This test exercises the CoOccurenceReducer class by simulating how we would reduce all of the values for a given key, and verifying that we correctly compute the fraction of the time each value is associated with the key. For the key itself, this should be one, and for all other cases it is less than one based on the test data we put into the test.

Once again,

# mvn clean test

from the reclab-tutorial director will run all three of the tests in your project. By all means copy, study, run, and extend the test to your heart's content.

Building a Model

We have now constructed a mapper and two reducers that together can compute the probability that someone who bought a source product S also bought a target product T. Now we have to put them together and arrange for the final results to be put into a model we can use at run time.

Building a model requires three things.

  1. We have to have a source of input data to use in building the model.
  2. We have to do one or more map reduce operations to transform the data from its raw form into a map from IDs (e.g. the product IDs in this tutorial's running example) to IDs that point to scores e.g. the output of the example's reducer class.
  3. We need a model builder that we can pass the output of our map reduce operations to in order for it to build our model.

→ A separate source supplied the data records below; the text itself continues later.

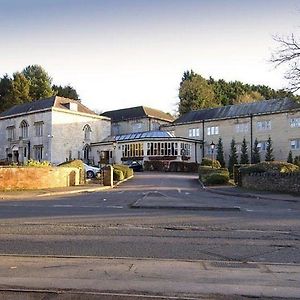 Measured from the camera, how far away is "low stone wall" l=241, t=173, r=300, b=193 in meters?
26.7

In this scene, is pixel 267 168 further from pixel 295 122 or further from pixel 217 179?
pixel 295 122

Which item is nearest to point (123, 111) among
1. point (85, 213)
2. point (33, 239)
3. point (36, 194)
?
point (36, 194)

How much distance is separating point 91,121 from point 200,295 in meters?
69.3

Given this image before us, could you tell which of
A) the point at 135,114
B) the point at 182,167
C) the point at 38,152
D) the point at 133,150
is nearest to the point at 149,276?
the point at 182,167

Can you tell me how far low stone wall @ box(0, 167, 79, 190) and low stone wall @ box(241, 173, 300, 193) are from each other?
12.9 metres

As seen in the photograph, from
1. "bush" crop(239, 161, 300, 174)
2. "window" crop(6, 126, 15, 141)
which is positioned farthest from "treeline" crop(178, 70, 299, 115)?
"bush" crop(239, 161, 300, 174)

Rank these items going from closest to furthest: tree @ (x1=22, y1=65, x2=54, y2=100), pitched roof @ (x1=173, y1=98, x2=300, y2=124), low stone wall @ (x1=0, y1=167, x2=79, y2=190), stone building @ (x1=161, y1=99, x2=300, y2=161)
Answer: low stone wall @ (x1=0, y1=167, x2=79, y2=190) → stone building @ (x1=161, y1=99, x2=300, y2=161) → pitched roof @ (x1=173, y1=98, x2=300, y2=124) → tree @ (x1=22, y1=65, x2=54, y2=100)

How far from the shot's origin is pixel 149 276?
20.9 ft

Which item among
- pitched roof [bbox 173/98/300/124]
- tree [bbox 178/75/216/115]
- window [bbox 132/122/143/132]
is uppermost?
tree [bbox 178/75/216/115]

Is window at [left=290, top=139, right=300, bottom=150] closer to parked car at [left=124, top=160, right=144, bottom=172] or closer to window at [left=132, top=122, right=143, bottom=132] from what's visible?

The exact manner in which these things occur depends tremendously on the nature of the file system in which our data is stored. RecLab supports everything from the tiny memory-resident NanoFileSystem, which is really only good for very small scale unit testing to the local-disk-resident YamlFileSystem that is great for debugging medium-scale data because all the files it reads and writes are human-readable, to large distributed file systems like HDFS.

RecLab was designed to let you run the same code on any of the file systems that it supports, all of which extend the abstract FileSystem class.

In order to coordinate the process of building a model, we need a class that derives from MapReduceJob. A MapReduceJob has a FileSystem and a ModelBuilder to actually build the model.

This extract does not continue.